Atendendo a que 'a necessidade de dotar o nosso país de um adequado `direito de mera ordenação social' vem sendo, de há muito e de muitos lados, assinalada', e porque 'tanto no plano da reflexão teórica como no da aplicação prática do direito se sente cada vez mais instante a necessidade de dispor de um ordenamento sancionário alternativo e diferente do direito criminal', o Decreto-Lei nº 232/79, de 24 de Julho, aprovado sob o impulso do Prof.

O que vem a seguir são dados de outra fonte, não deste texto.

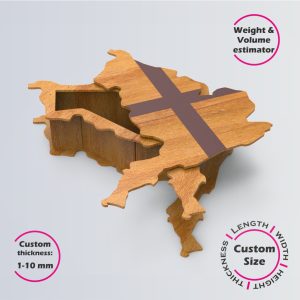 England map Box | wooden engraved | Online design tool for map shape boxes | custom size laser cut file DXF, AI, CDR | Box4U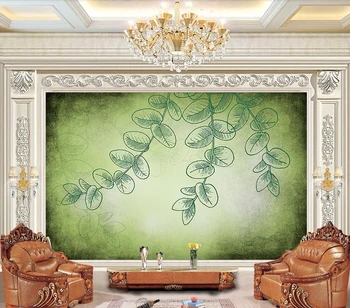 Tapet personalizat Simplu verde frunză, cameră de fundal de perete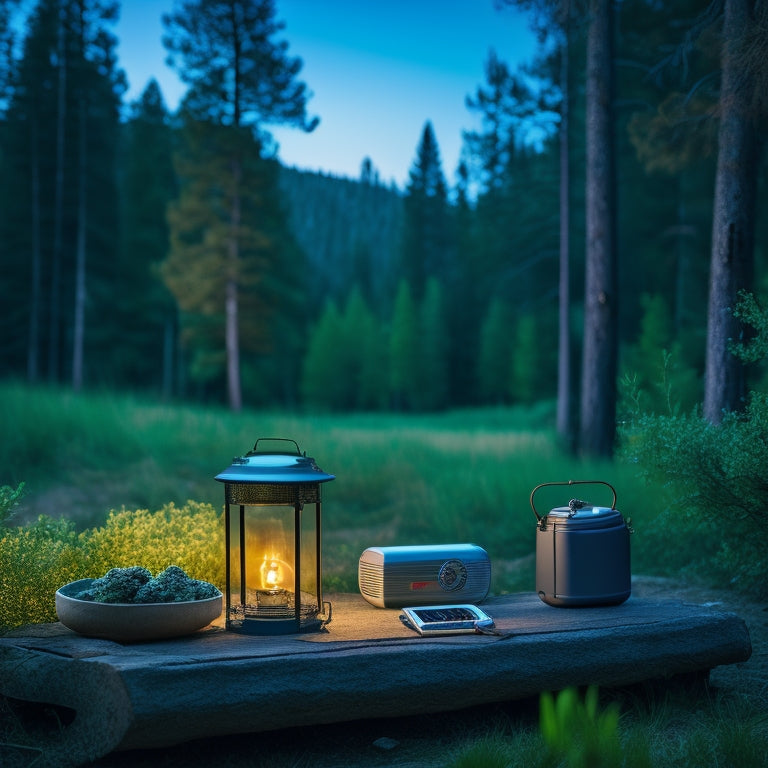 A serene camping scene at dusk, with a portable power pack and cables nestled beside a lantern, phone, and portable speaker, surrounded by trees and a starry night sky.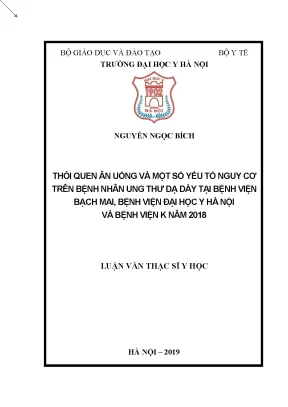 Luận văn thạc sĩ thói quen ăn uống và một số yếu tố nguy cơ trên bệnh nhân ung thư dạ dày tại bệnh viện bạch mai bệnh viện đại học y hà nội và bệnh viện k năm 2018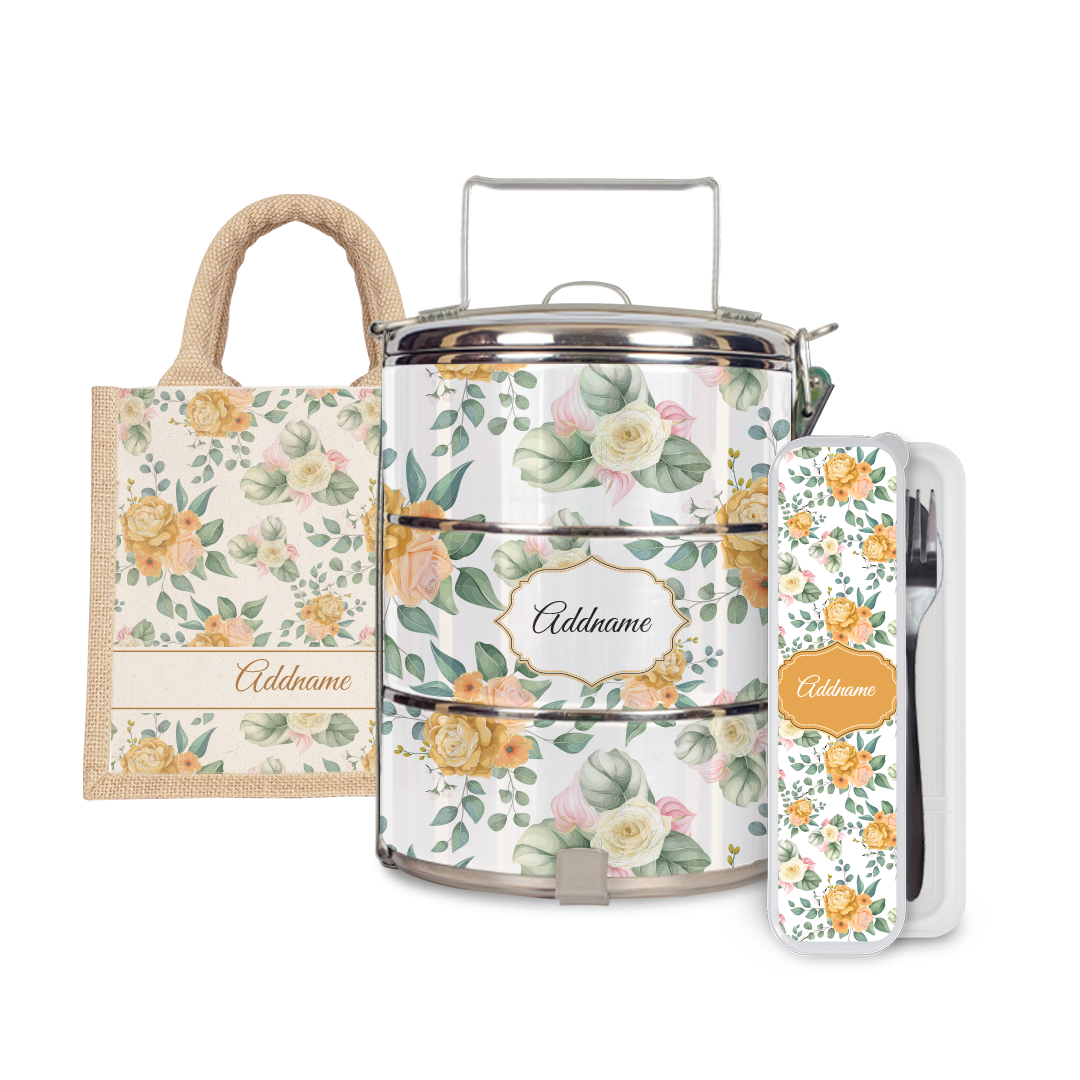 Laura Series - Honey Half Lining Lunch Bag, Tiffin Carrier and Cutlery Set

Eduardo Correia, Ministro da Justiça do IV Governo Constitucional, veio instituir no nosso ordenamento jurídico o regime do ilícito de mera ordenação social.

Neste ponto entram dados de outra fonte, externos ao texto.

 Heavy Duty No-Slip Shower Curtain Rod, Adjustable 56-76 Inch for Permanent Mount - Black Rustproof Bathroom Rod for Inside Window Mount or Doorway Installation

E logo houve ensejo, no respectivo texto preambular, de se deixarem assinalados alguns traços essenciais, caracterizadores da natureza própria do direito de mera ordenação social, especialmente no plano da sua relaçionação com o direito criminal.
A este respeito, ali se escreveu:
'Sabe-se, por outro lado, como o direito de mera ordenação social tem sido, na
última década, objecto de cuidada e persistente reflexão tanto por parte da doutrina estrangeira como da doutrina portuguesa. Por isso é que, a par de alguns pontos de controvérsias que persistem, se registam já consideráveis áreas de consenso ou mesmo de unanimidade. Como acontece, manifestamente, quanto à distinção entre o direito de mera ordenação social e o direito penal.
Hoje é pacífica a ideia de que entre os dois ramos de direito medeia uma autêntica diferença: não se trata apenas de uma diferença de quantidade ou puramente formal, mas de uma diferença de natureza. A contra-ordenação `é um aliud que se diferencia qualitativamente do crime na medida em que o respectivo ilícito e as reacções que lhe cabem não são directamente fundamentáveis num plano ético-jurídico, não estando, portanto, sujeitas aos princípios e corolários do direito criminal' (Eduardo Correia, Direito penal e direito de mera ordenação social, in Boletim da Faculdade de Direito, Coimbra, 1973, p.
268)'.
Entretanto, porque o Presidente da Assembleia da República e o Procurador-Geral da República solicitaram, nos termos do artigo
281º, nº 1, da versão originária da Constituição, ao Conselho da Revolução a apreciação e declaração da inconstitucionalidade do Decreto-Lei nº 232/79 (o qual, aliás, foi parcialmente revogado pelo Decreto-Lei nº 411-A/79, de 1 de Outubro), veio aquele diploma a ser objecto de um parecer da Comissão Constitucional, concretamente o Parecer nº 4/81, publicado em Pareceres da Comissão Constitucional, 14º vol., pp. 205 a 272, no qual se tratou longamente daquele tema, fazendo-se minuciosa referência às posições mais significativas da doutrina portuguesa e estrangeira.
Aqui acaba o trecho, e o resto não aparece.